To do this, we use the fact that any sequence $\{f_{n}\}_{n \in \mathbb{N}}$ in $B$ is bounded, so it has a subsequence that converges to something ($f$) in $W^{1,p}((0,1))$ in $||\cdot||_{L^{\infty}}$. I want to use this fact to show that $f_{n}$ (not re-labelling the subsequence) converges to $f$ in $W^{1,p}$ norm.
It is easy to show that $f_{n} \to f$ in $L^{p}$, but I also need to show that $f_{n}' \to f_{n}'$ in $L^{p}$ (where the derivatives are taken in the weak sense), which I am unable to do. It is fine even if $f_{n}' \to f'$ in $L^{p}$ up to a subsequence, since we can extract a further subsequence without any worry here. How would one do this?
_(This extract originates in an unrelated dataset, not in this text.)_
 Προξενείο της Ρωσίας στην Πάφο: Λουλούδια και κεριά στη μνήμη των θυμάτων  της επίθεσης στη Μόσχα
Edit: Can something like the following work? We know that $W^{1,p}$ is isomorphic to a subspace of $L^{\infty}$, call it S, so we have a bijective continuous map $T: S \to W^{1,p}((0,1))$, which should give us the assertion without having to go through the process of showing $f_n, f_n'$ converging separately in $L^{p}$?
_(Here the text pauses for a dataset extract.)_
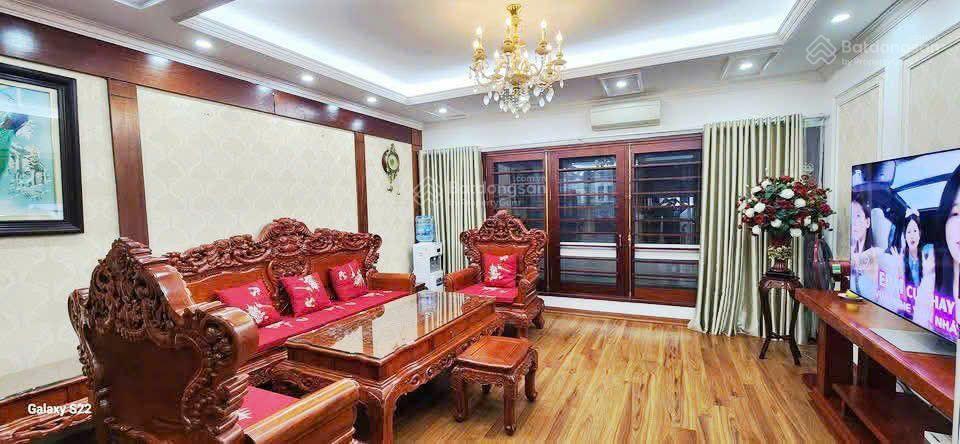 Bán nhà quận 6, 8.6x20m nở hậu 12m, 4 tầng gần chợ phú lâm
Let $ 1<p < \infty $. Recall that the identity operator $$ id \colon(W^{1,p}(0,1),||\cdot ||_{1,p} ) \to (L^p(0,1),||\cdot ||_p) $$ is compact and thus completely continuous (that is, it maps weakly convergent sequences to norm convergent ones). Let $$ B_1(p) =\{ u \in W^{1,p} (0,1) \colon ||{u}||_{p} + ||u'||_p \leq 1\}.$$ Let $ (u_n)_n \subset B_1(p) $. By the reflexivity of $ W^{1,p} (0,1)$, there exists $ u \in B_1(p) $ such that $ u_n \xrightarrow{weakly} u $ in $ W^{1,p} (0,1)$ (atleast for a subsequence). Thus, (by the complete continuity of the identity operator) $ u_n \to u $ in $ L^p(0,1)$. In other words, $ B_1(p) $ is compact in $ L^p (0,1)$.
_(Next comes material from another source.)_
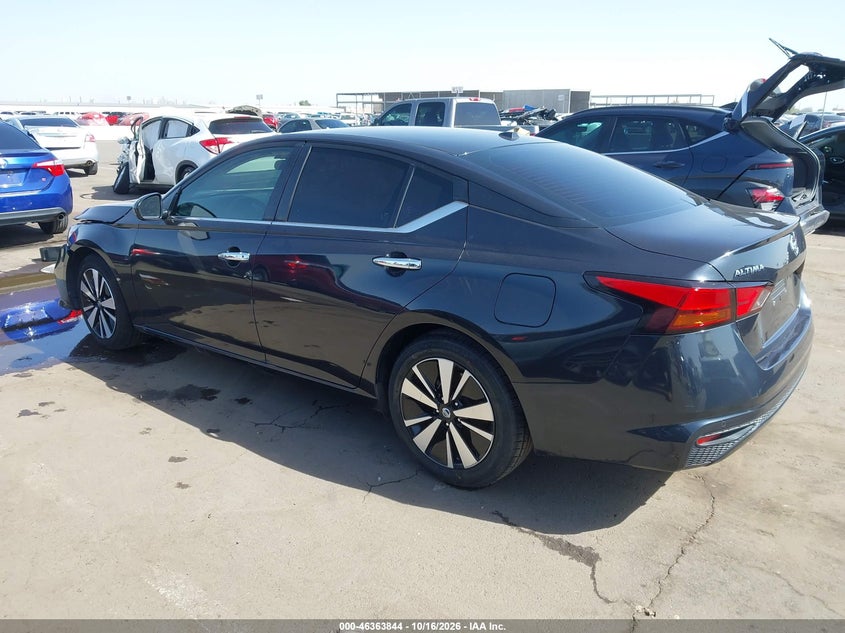 Vin: 1n4bl4dv1mn336316, lot: 46864156, nissan altima sv fwd 20213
Now, let $p= \infty$. Let $(u_n) \subset B_1 (\infty)$. By the compactness of the identity operator, there exists $u \in L^\infty(0,1)$ such that $||u_n-u||_\infty \to 0 $ (for a subsequence). We wish to show that $u \in B_1(\infty)$. Since $(u_n') \subset L^\infty(0,1) $ is bounded, invoking Alaoglou's theorem, we infer that $u_n' \xrightarrow{weak^*} g $ for some $g \in L^\infty(0,1)$. It is easy to see that $u \in W^{1,\infty}(0,1)$ and $u'=g$. Recall that the norm is weak-star lower semi continuous and so $$ ||u'||_\infty \leq \liminf ||u_n'||_\infty .$$ In conclusion, $$||u||_\infty + ||u'||_\infty \leq \liminf (||u_n'||_\infty + ||u_n||_\infty) \leq 1 $$ and thus $u \in B_1(\infty).$
For $p=1$ things are not as good. You can show that $B_1(1) \subset L^1(0,1) $ is not closed (and thus not compact) in $L^1(0,1)$. To see this, consider the following sequence in $ W^{1,1}(0,1)$: $$ u_n(t) = \left\{\begin{array}{lr} 0 , ~~ 0 \leq t \leq \frac 12\\ n(t-1/2), ~~ \frac 12 <t \leq \frac 12 + \frac 1n \\ 1, ~~ \frac 12 + \frac 1n < t \leq 1. \end{array}\right. $$
with $$ u_n'(t) = \left\{\begin{array}{lr} 0 , ~~ 0 \leq t \leq \frac 12\\ n,~~ \frac 12 <t \leq \frac 12 + \frac 1n \\ 0, ~~ \frac 12 + \frac 1n < t \leq 1 \end{array}\right. $$ We have that $ ||{u_n}||_1=\frac 12 - \frac{1}{2n} $ and $ ||{u_n'}||_1 =1$ and thus $ ||{u_n}||_{1,1} \leq 3/2 $. Let $ u = \mathcal X_{(\frac 12,1)} $, then $$ ||u_n-u ||_1= \int |{u_n-u}| = \frac{1}{2n} \to 0 $$ and thus $ \frac 23 u_n \to \frac 23 u $ in $ L^1(0,1) $ but $ \frac23 u \notin W^{1,1}(0,1) $ and in particular $ \frac23 u \notin B_1(1) $.